Chapter 170: The Front Lines
The front lines. The place where the intensity of battle was fueled and the line between life and death was to be drawn. Not in some war room, but here; past Clontarf, Dubgall’s Bridge and River Tolka, facing the gates of Dublin City. This was where legends would be made.
Cillian was the representative of Class 1-A of the Templar Academy. He was their strongest warrior. He was the best, but he never felt like it. Not after his humiliating defeat to the unaffiliated swordswoman, Yoon Sun-young. Cillian was born and raised as a footballer. He played at a high-college level and eventually made it to the English Football League. He had never managed to snatch a position in the luxurious Premier League. An athlete of the highest calibre yet not the best. A young man that made decent money and lived a decent life.
It wasn’t just him. Everyone the Templars recruited were athletes of some kind. Very rarely did they recruit ordinary people, unless their aptitude for magic was high. That was the way it was. Competition, competition, competition. It was everywhere and it was tough, regardless of whether it was on Earth or the White Abyss. To stand at the top and to be acknowledged as the best should have been an honour. For him, that was never the case. He was too reserved and calm to gain the respect of the ambitious. He was the best but he was looked up at. He was observed. Then, following his defeat, there was nothing but mocking acceptance of his abilities. Nothing more, nothing less. He was a representative but he did not represent the strength of the class.
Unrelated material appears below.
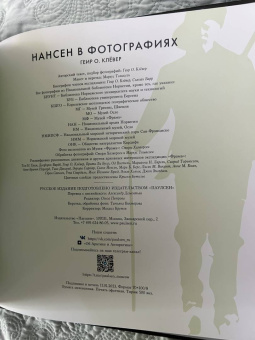 Геир Клёвер: Нансен в фотографиях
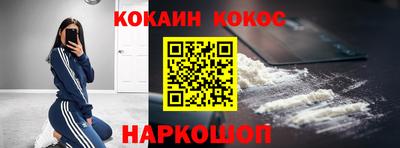2c-b Рыбинск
Ahead, his class was fighting alongside many of the Holy Knights. Horses were running straight at the gates of Dublin City. Surrounded by stone walls reaching over forty metres, the large wooden gate was the sole way of entry—aside from the supposed backend river according to Kazi Hossain.
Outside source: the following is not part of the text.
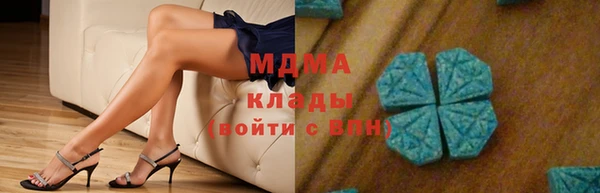 трава Алексеевка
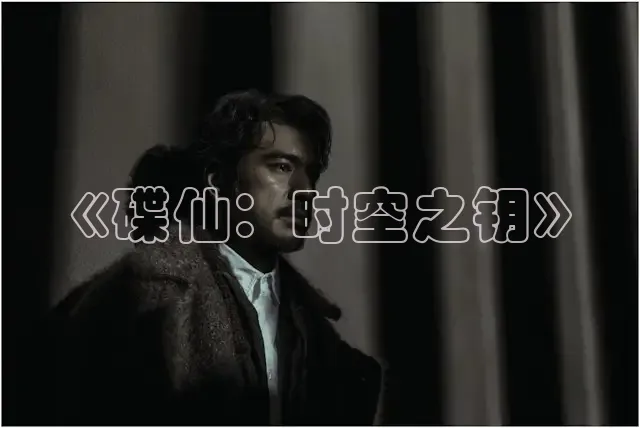 午夜影院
Archers stood on the stone walls who attempted to shoot his class off. One of his classmates, an arrogant American footballer, leapt off his horse and charged at the gate with an axe coursing with lightning. The strike landed and the first chip off the gate had broken off.
The real battle was about to begin.
"You were right, Cillian," the Holy Knight beside him commented. He was the Holy Knight chosen to act as a messenger between representatives. A bit convoluted in Cillian’s opinion, though the Holy Knight representative insisted. "They plan to bring the battle inside the city."
Cillian didn’t reply. He, as well as a hundred others, remained back. On their horses, they observed the battle of a hundred archers and ground soldiers. That was what set alarm bells off—the fact that there were so few archers. They were luring them into a false sense of security. Cillian wasn’t going to fall for that, so he planned ahead. He sent his classmates whose abilities he knew intimately as well as a decent chunk of the Holy Knights to break into the city. As soon as they found themselves overwhelmed and surrendered (which they would, considering that there were going to be thousands in the city), the mages would create chaos.
Following that, the rest of them would storm into the city. Behind them would be the enemy Vikings coming from the sea, who would be ambushed by the mages and then swiftly intercepted and destroyed by the Dal Cais, Munsters, and Connachta.